The demise of ACE Freighters and the closure of the British United Air Ferries vehicle ferry routes cast a gloom over the airport during the winter of 1966. Although essentially now a general aviation airfield, Coventry now became a thriving Heron and Dove overhaul centre thanks to the efforts of Executive Air Engineering. Apart from numerous executive Doves and Herons undergoing maintenance, the hangar often looked after Falckair Herons, with all major overhauls and maintenance of these aircraft now performed at Coventry. 1967 seems to have been a peak year with 58 Doves and Herons receiving Executive Air Engineering treatment, including Herons for Bristow Helicopters in Nigeria, for Air Paris at Orly and even an early production Heron 1B for Belgian airline SABENA. The airport also saw the arrival of three former RAF Ansons (G-AVCK, G-AVEV & G-AVIJ) early in 1967, although none of these aircraft would fly commercially. G-AVEV was scrapped at Coventry days after her arrival on February 10, while the other two Ansons fled to Halfpenny Green later in the year. Former British Westpoint “Pionair” DC-3 G-ALYF arrived for storage in the year, and was later flown to Prestwick, where she was scrapped.

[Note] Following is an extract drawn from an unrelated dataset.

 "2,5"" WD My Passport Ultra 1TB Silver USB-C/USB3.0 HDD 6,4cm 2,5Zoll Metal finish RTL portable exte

Commercial activity in 1967 was limited, though, with only the passage of BUAF Bristol Superfreighter G-AMLP on February 3, and the charter of British Midland C-4 Argonaut G-ALHS to Rotterdam on September 15 being notable. Compagnie Air Transport sent Bristol Superfreighter F-BKBG to Coventry from Beauvais on October 12 on the first of five Superfreighter charters to the airport, with the final flight on October 24 being conducted by F-BKBI.
Heron and Dove overhaul work continued apace throughout 1968, and in addition to the Falckair examples, several Herons were prepared for Prinair in Puerto Rico, two for Channel Airways at Southend, and one aircraft for Cimber Air in Denmark. Among a handful of charter flights during the year, Superfreighter G-AMLP visited again on January 4, while on July 17 G-ASPN flew a freight charter from Coventry to Zurich. Former ACE Freighters Skymaster G-ASEN returned to Coventry on December 3, flying an Invicta Airways freight service to Halmstad. Early in the new year, another Invicta Skymaster, G-ASPM, operated a charter from Coventry to Zurich on January 21 1969, returning again two days later.